Multi-task Supervised Learning via Cross-learning

TL;DR

This paper introduces a multi-task learning framework where task-specific models are coupled to facilitate cross-learning, improving performance across domains through shared information, with algorithms designed for efficiency and empirical validation on image classification tasks.

Contribution

The paper proposes a novel cross-learning approach for multi-task models, coupling parameters to enhance learning across domains, and develops efficient algorithms for large-scale problems.

Findings

Cross-learning outperforms task-specific models.

Algorithms are scalable for large parameter spaces.

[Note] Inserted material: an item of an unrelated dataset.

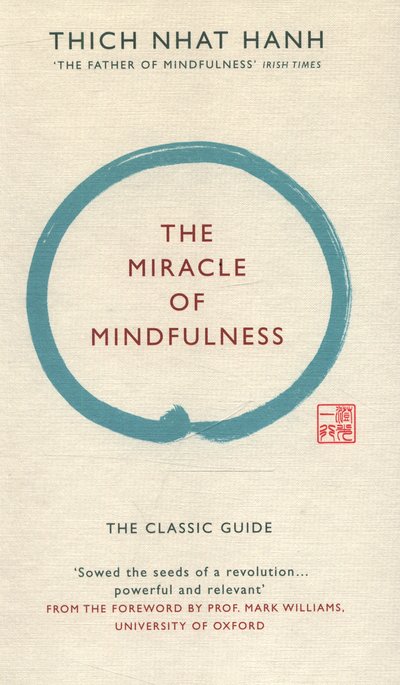 The Miracle of Mindfulness (Gift edition): The classic guide by the world’s most revered master - Thich Nhat Hanh - Kirjat - Ebury Publishing - 9781846044823 - torstai 6. elokuuta 2015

Empirical results show improved image classification accuracy.

Abstract

In this paper we consider a problem known as multi-task learning, consisting of fitting a set of classifier or regression functions intended for solving different tasks. In our novel formulation, we couple the parameters of these functions, so that they learn in their task specific domains while staying close to each other. This facilitates cross-fertilization in which data collected across different domains help improving the learning performance at each other task. First, we present a simplified case in which the goal is to estimate the means of two Gaussian variables, for the purpose of gaining some insights on the advantage of the proposed cross-learning strategy. Then we provide a stochastic projected gradient algorithm to perform cross-learning over a generic loss function. If the number of parameters is large, then the projection step becomes computationally expensive. To avoid this situation, we derive a primal-dual algorithm that exploits the structure of the dual problem, achieving a formulation whose complexity only depends on the number of tasks. Preliminary numerical experiments for image classification by neural networks trained on a dataset divided in different domains corroborate that the cross-learned function outperforms both the task-specific and the consensus approaches.